As you can see, it handles a wide variety of files.

What Seems Useful…

There’s a passage in the Bible: “God said, ‘Let there be light,’ and there was light.”

Nowadays, there is something that is not God but is treated like one: AI.

“AI said, ‘Let there be data,’ and there was information”—that’s the situation now.

When preparing data for AI, not everything is saved as text.

We need to have it in a format that AI can read, and that’s where MarkItDown comes in.

Converting documents saved as PDFs into Markdown will make AI happy too.

I tried using it a bit for work.

Practical Use

I have published the code in this repository.

By using a tool called uv, it is designed to make environment setup as easy as possible.

Here’s the content of the program I have published:

from pathlib import Path
from markitdown import MarkItDown


def convert_pdfs_to_markdown(src: str, dest: str):
    """
    Converts PDF files in the specified directory to Markdown format and saves them in the output directory.

    Args:
        src (str): Directory where the input PDF files are stored.
        dest (str): Output directory for the converted Markdown files.
    """
    # Set the paths for the input and output directories
    src_dir = Path(src)
    dest_dir = Path(dest)

    # Create the output directory if it doesn't exist
    dest_dir.mkdir(parents=True, exist_ok=True)

    # Search for PDF files and convert them to Markdown
    for pdf_file in src_dir.glob("*.pdf"):
        mid = MarkItDown()
        result = mid.convert(str(pdf_file))

        # Set the output file name
        md_file = dest_dir / (pdf_file.stem + ".md")

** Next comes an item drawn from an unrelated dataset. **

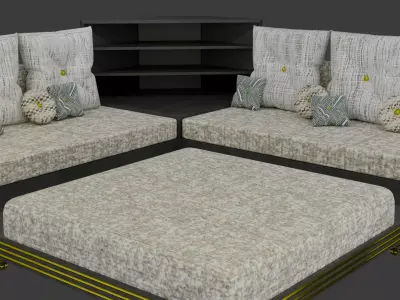 L Sofa with Tables 3D model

        # Save as a Markdown file
        with open(md_file, "w", encoding="utf8") as f:
            f.write(result.text_content)
        print(f"Conversion complete: {pdf_file.name} -> {md_file.name}")


# Example usage
if __name__ == "__main__":
    src_dir = "./src"  # Input directory
    dest_dir = "./dest"  # Output directory
    convert_pdfs_to_markdown(src=src_dir, dest=dest_dir)

It’s not a very complicated program.

The important parts are:

  1. result = mid.convert(str(pdf_file)) for the conversion process
  2. result.text_content to extract the content of the text

These two points.

Conclusion

It may not be a program that I use frequently, but using new tools is always an enjoyable experience.

Writing articles like this one bit by bit might also be fun.